Elecciones autonómicas:Me temo lo peor

Un análisis de la campaña electoral en la Comunidad Valenciana. Los bloques izquierda-derecha parecen igualados, excepto tal vez en Alicante, donde 'mola' siempre votar lo contrario.

Me pide el director de este medio, hombre cabal en todo, salvo tal vez en la confianza que me otorga, un análisis de la campaña electoral en la Comunidad Valenciana y mis previsiones al respecto. Se lo pondré fácil a los lectores: me temo lo peor.

No sé si existe un problema valenciano en España (las referencias al mismo en el último debate electoral parecen más bien concesiones a la galería), pero la decisión de Ximo Puig de hacer coincidir las elecciones autonómicas con las nacionales ha hecho que el destino de la CV no importe un pimiento a los propios valencianos. Si se vota en clave nacional, como pretendía el President para que no se note que existe, la Comunidad deja de ser el centro del debate, excepto para los paniaguados que tienen sueldo (o privilegios) públicos. Y así, con esa argucia de trilero, Puig ha distraído a los ciudadanos, al tiempo que nos condena a la periferia levantina.

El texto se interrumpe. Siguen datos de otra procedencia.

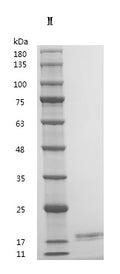 Recombinant Human Interleukin-2 (IL2) (Active) – Figure 1 of 1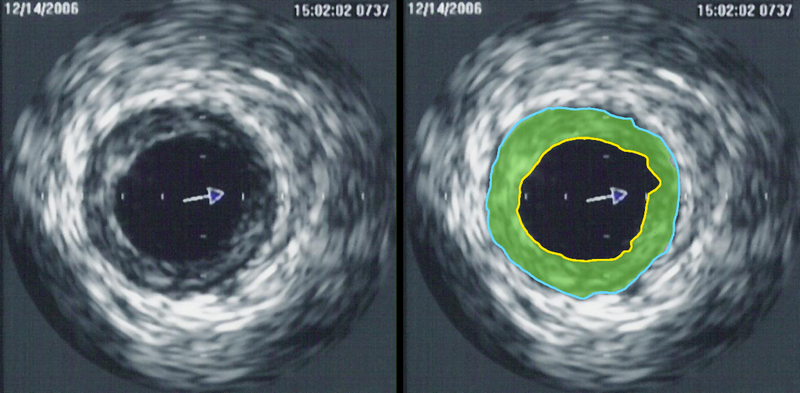 File:IVUS of CAD.png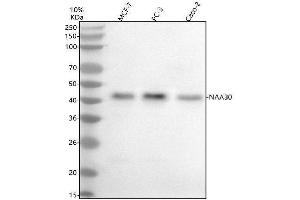 Western blot analysis of NAT12/NAA30 using anti-NAT12/NAA30 antibody (ABIN7602299).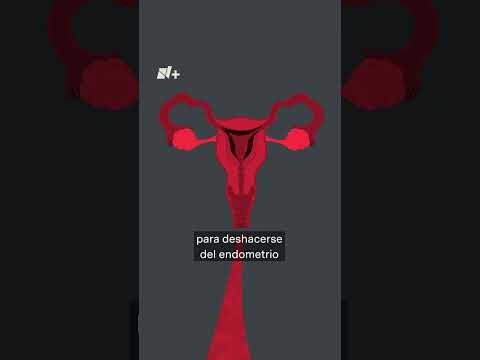 Video: 13 formas de deshacerse de los calambres menstruales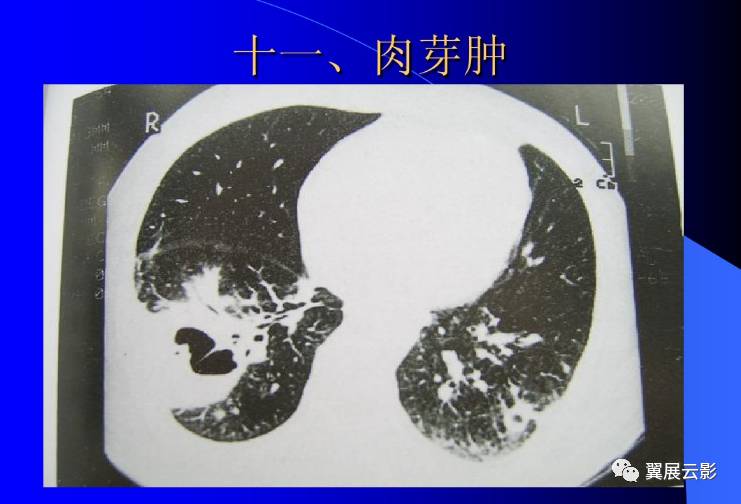 尘肺的影像表现及鉴别诊断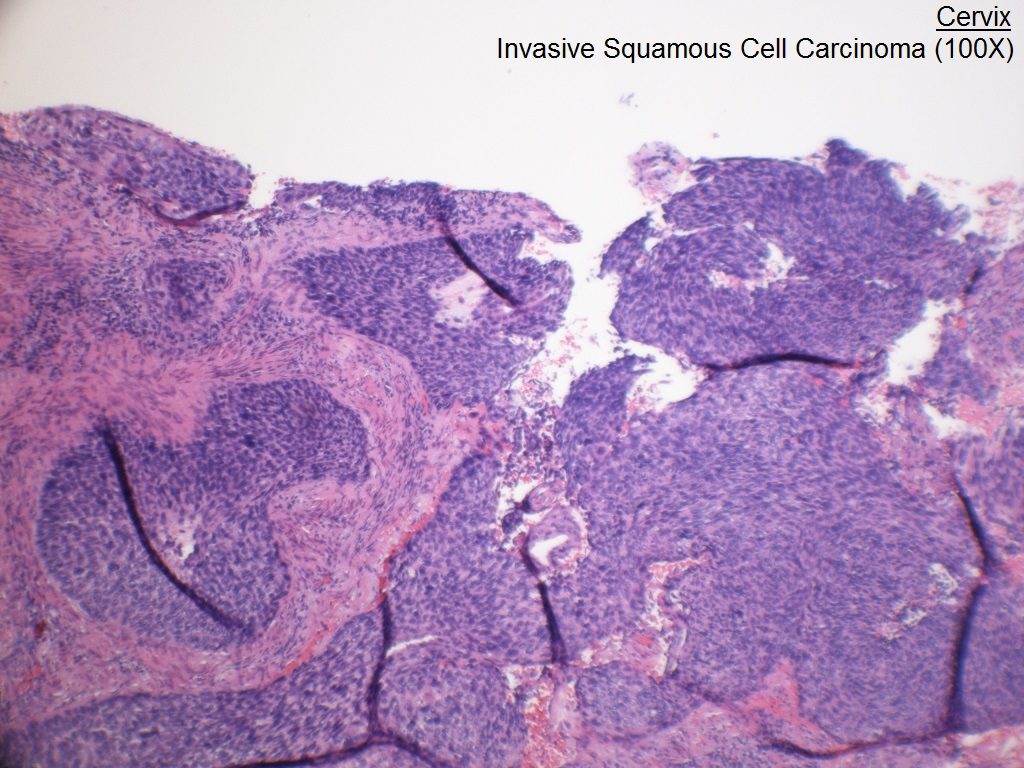 B - Cervix - Invasive Squamous Cell Carcinoma - 100X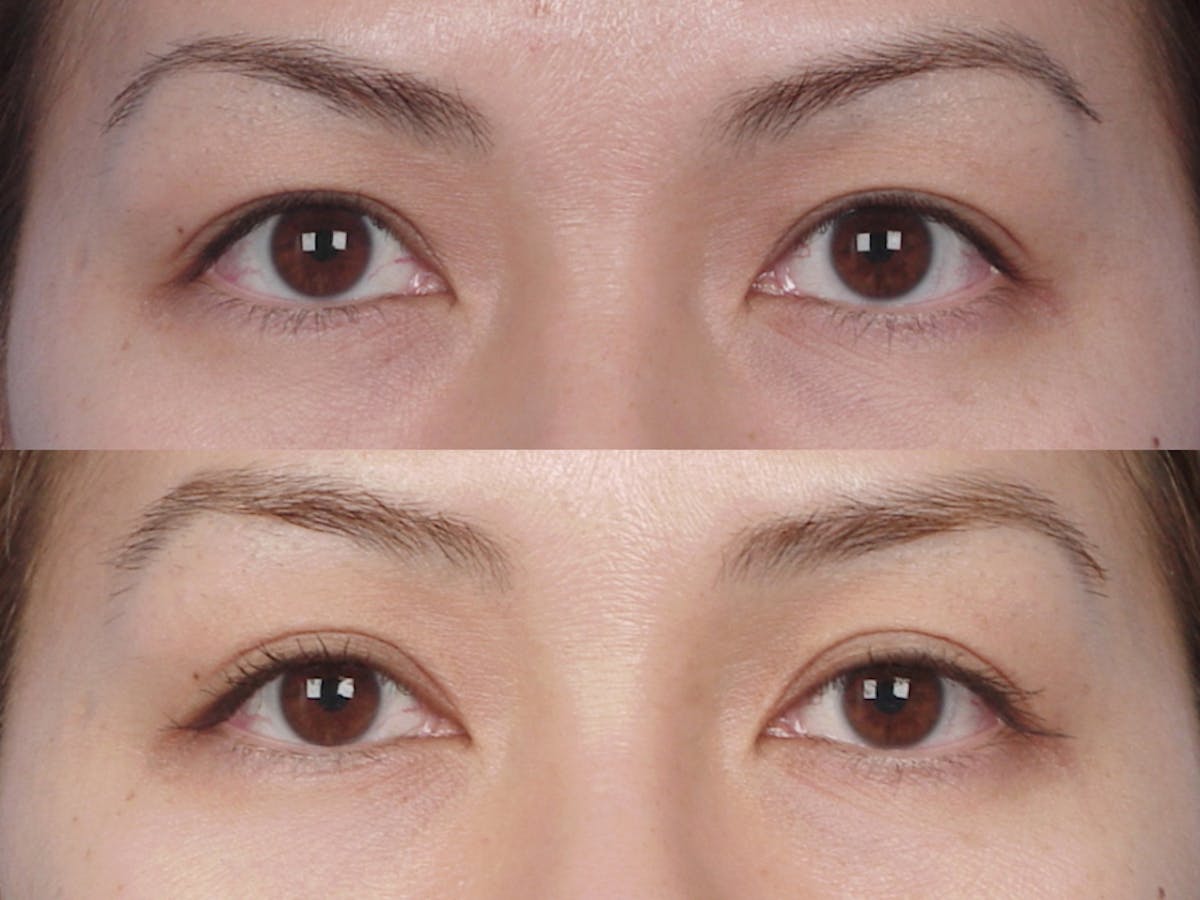 Eyelift Before & After Gallery - Patient 106009270 - Image 1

No sé si existe un problema valenciano en España, pero me consta que existe un problema alicantino en la CV. Muchos, como el que escribe, preferimos ser murcianos. La desafección de los alicantinos al proyecto común es el resultado de la injusticia reiterada con la que somos tratados en la Comunidad. Los medios de agitprop Botánico ponen el énfasis en el déficit de inversión del Estado en la Comunidad, siguiendo los pasos del irredentismo catalán: 'Espanya ens roba'. Pero la prensa libre – como ésta que Ud. lee-recuerdan que Valencia acapara la inversión del Gin-Tónic Botànic en infraestructuras y que la regla de invertir en función del PIB no se cumple en la Comunidad: el Tripartito construye los ponts mil vegades, pero siempre en el mismo sitio.

Sea cual sea el resultado de las elecciones, me temo que a nadie en Valencia le importará el problema alicantino, como a nadie en España le importan ni Puig ni Oltra. Los profetas de la piel de cordero han demostrado su incapacidad para vertebrar con equidad el territorio, respetando la peculiaridad de sus provincias. También, han acreditado su ineptitud para hacer una política sensata, sin demagogias de instituto, que permita recuperar el protagonismo de la CV en nuestro país: antes de lloriquear reclamando más dinero a papá, debes demostrar que sabes administrar tu propia casa.

Los bloques izquierda-derecha parecen igualados, excepto tal vez en Alicante, donde mola siempre votar lo contrario (y en Elche, lo contrario de lo contrario). Me temo que si triunfa la izquierda seguirá el problema identitario: abandonad toda esperanza, los españoles. La estrategia de catalanización se recrudecerá, porque nadie se atreve a decir la verdad: el catalán no es sino un dialecto del valenciano. Si Cs tiene un buen resultado, su inútil tacticismo de youtubers no ayudará, precisamente, a resolver los problemas de los ciudadanos. Valdrá lo mismo que la victoria de Arrimadas en Cataluña.

Si gana la izquierda, mucho me temo que la Comunidad Valenciana seguirá siendo innecesaria e irrelevante. Arruinarán otra vez las arcas públicas. Las Alquerías se multiplicarán, porque la izquierda de salón es un quiero y no puedo, hasta que efectivamente pueden meter mano. Actuarán sin contrapesos sociales, porque los sindicatos vuelven a ser de clase (ociosa) y las patronales no existen: la izquierda paga a los fuertes (AVE, César) y compra a los pelanas (CEV). La sorpresa sólo puede venir de más allá de la derecha de la muy voluntariosa Bonig. Entonces, cantaremos un nuevo himno: tots a una VOX.